Mr Johnston requested a transfer on 24 August 2012. Capita Oak wrote to Prudential on 3 October 2012, with the completed transfer discharge documentation. Prudential processed the £18,643 transfer on 10 October 2012.
On 26 January 2013, a company called Designed 4 Life contacted Prudential with a signed authority from Mr Johnston, saying he had instructed them to investigate his pension options, requesting a current transfer value. Prudential replied that the policy had already been transferred out.
In February that year, Capita Oak sent Mr Johnston an ‘investment choice letter’ to be signed and returned, with an opening statement following in April.
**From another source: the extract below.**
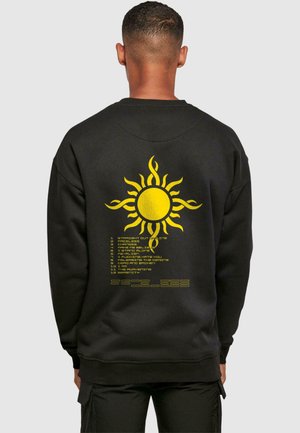 Black sweatshirt with a yellow sun graphic on the back, featuring text beneath it. Made of soft material with ribbed cuffs and hem.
Since then, he has been unable to obtain further information about his pension from Capita Oak, Imperial Trustee Services, or Barncroft Associates, which all helped facilitate the transfer.
He complained to Prudential that they had not carried out a proper procedure in making the transfer and to take responsibility for reimbursing him the missing money. Prudential replied that they had acted in “good faith” under Mr Johnston’s specific instruction.
In the second, similar case, Mr Powell requested in August 2012 that Prudential transfer his £54,503 pension to the Dataspec Pension Scheme, which was said to be a money purchase occupational scheme.
A letter dated 31 May 2012, to Mr Powell, from Pension Marketplace, said to be a trading name of UK Pension Transfers, asked him to contact his pension provider for a full pension illustration and to complete and return a letter of authority. The top of the letter said “£25,000 back, no cost”, according to the decision. A further letter signed by Mr Powell also confirmed that the transaction was execution-only.
Prudential processed the transfer on 31 August 2012.
A loan-agreement was made between Mr Powell and the Regent Group in the amount of £27,251 and an undated letter asked for this sum to be transferred to his bank account. Interest of 6 per cent per annum was to be charged, but there was no requirement by Mr Powell to make repayments before the lock-in date of 31 December 2026.